The object of any distraction is the serpent. This object is never the subject (the cause or purpose) of the error that makes us fail. We fail because we are distracted. While we are distracted, we cannot pray, we cannot hear God, and we cannot heal. Looking at the object and trying to figure out its derivation and purpose cannot bring us closure. Even from Eve's first noticing of an object of desire in the mist, the charade of objects has always been a mistake.

Before God changed Moses' thought about the proper operation of a shepherd's rod, he had wielded his weapon as a means of self-defense and as a help in guiding and caring for his flock. With forty years experience, he must have become quite adept at using his intelligence and physical prowess in handling that singular tool. Then, in a moment of divine hearing, God commanded him to throw it on the ground. As soon as he did so, all those years of learned skills were worthless. Moses was at a loss when his own personal intelligence was of no use. In this illustration, the serpent's head is the rod; its tail that immediately follows in the trail of events is fear and helplessness. The tail is never part of the serpent. Humbly helpless before God, Moses opened his ears, heart, and mind to divine intelligence and power. He heard Christ say, "Take it by the tail," that is to say, 'handle your fear.' "Wisdom bade him come back and handle the serpent, and then Moses' fear departed" (SH 321:10). "The illusion of Moses lost its power to alarm him, when he discovered that what he apparently saw was really but a phase of mortal belief" (SH 321:16). This discovery gave him real peace, assurance, and power with God. The rod became a spiritual staff upon which to lean, enabling him to supersede Pharaoh's stubborn arrogance.

In Mary Baker Eddy's illustrated poem, Christ and Christmas, she illustrates how to take the serpent by the tail in the third plate, titled Seeking and Finding.

"Seeking and Finding".

This woman has given up her personal ego - thrown down her rod - or it would not have become a serpent. The serpent is behind her because she has turned from it and is being drawn toward spiritual sense and away from material dependency. She is focused on the Scripture, which is illumined by the seven-pointed star, her halo, and by the lamp that is trimmed and bright, alluding to Jesus' parable of the five wise virgins waiting for the Bridegroom (see Matt 25). Her right hand (spiritual strength or rod of power) is under the Bible. Is she searching for the spiritual cause underlying her illumined consciousness and finding it without the effect of fear? Yes!

As long as we think of our body as an object, either to love or hate, we think we need to look at it and care for it, all the time being afraid for it, because it seems to change without our consent: growing, feeling, hurting, and aging. Like the children of Israel in Egypt, we have become ensnared in the belief that we are helpless before the authority of matter, but it is only fear that binds us to mind and body. From this vantage point, our sensual body is the serpent's head. What would the serpent expect to see? More serpents: childlike, beautiful, sick, old, and dying.
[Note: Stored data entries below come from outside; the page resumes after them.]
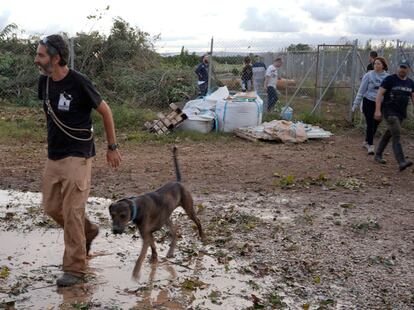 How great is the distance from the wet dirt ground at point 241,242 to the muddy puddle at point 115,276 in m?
0.01

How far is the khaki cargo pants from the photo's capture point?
193 inches

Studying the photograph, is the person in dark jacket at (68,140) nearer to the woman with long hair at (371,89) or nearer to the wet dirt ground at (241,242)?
the wet dirt ground at (241,242)

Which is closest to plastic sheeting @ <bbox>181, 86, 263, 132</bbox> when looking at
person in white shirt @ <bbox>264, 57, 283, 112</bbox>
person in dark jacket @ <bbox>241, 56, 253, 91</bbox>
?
person in white shirt @ <bbox>264, 57, 283, 112</bbox>

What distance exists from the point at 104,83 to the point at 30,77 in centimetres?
230

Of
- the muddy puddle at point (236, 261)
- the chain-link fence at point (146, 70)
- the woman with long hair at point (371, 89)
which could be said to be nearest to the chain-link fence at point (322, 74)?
the chain-link fence at point (146, 70)

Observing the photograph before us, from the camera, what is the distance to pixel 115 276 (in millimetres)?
5305

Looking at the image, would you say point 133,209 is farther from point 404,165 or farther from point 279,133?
point 279,133

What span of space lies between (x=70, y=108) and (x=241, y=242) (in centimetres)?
250

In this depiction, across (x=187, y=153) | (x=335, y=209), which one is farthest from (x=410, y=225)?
(x=187, y=153)

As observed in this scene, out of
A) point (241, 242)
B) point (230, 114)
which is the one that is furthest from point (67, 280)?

The world is also an object of our own thought that would make us believe we are confined to a planet full of contradictions. All these material objects create the mental disturbance that perpetuates itself. Jesus rebuked the arrogance of serpent thought this way: "Ye are of your father the devil, and the lusts of your father ye will do. He was a murderer from the beginning, and abode not in the truth, because there is no truth in him. When he speaketh a lie, he speaketh of his own: for he is a liar, and the father of it" (John 8:44). We master the body by taking it by the tail - understanding that we are not an object of fear or container of serpents.
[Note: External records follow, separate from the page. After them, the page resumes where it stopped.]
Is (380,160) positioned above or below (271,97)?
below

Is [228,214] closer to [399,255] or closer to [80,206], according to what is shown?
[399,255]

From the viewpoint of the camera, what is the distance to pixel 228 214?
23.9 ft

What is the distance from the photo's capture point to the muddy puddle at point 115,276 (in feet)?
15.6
Only by focusing on our inner peace, undisturbed (unfocused on serpents), will we see past the objects of temptation to spiritual cause and effect. Taking the serpent by the tail is scientifically demonstrated when we witness the Comforter thinking itself. We are the identity of that understanding. The object of Mind is a perfectly formed idea. We live as infinite Mind and are only subject to Mind's dictation, which is all-embracing good. Spiritual understanding wounds (kills) the serpent's head: anything that would portend to make us afraid. "Thou shalt not be afraid for the terror by night; nor for the arrow that flieth by day" because we now understand that in Spirit there is no arrow (Ps 91:5). It is time to prove Christ's method for ourselves by turning from our sense-justified egos and finding peace outside of adversity. In so doing, we gain dominion over the whole earth.

"Undisturbed amid the jarring testimony of the material senses, Science, still enthroned, is unfolding to mortals the immutable, harmonious, divine Principle, - is unfolding Life and the universe, ever present and eternal" (SH 306:25). That is the divine method of taking the serpent by the tail.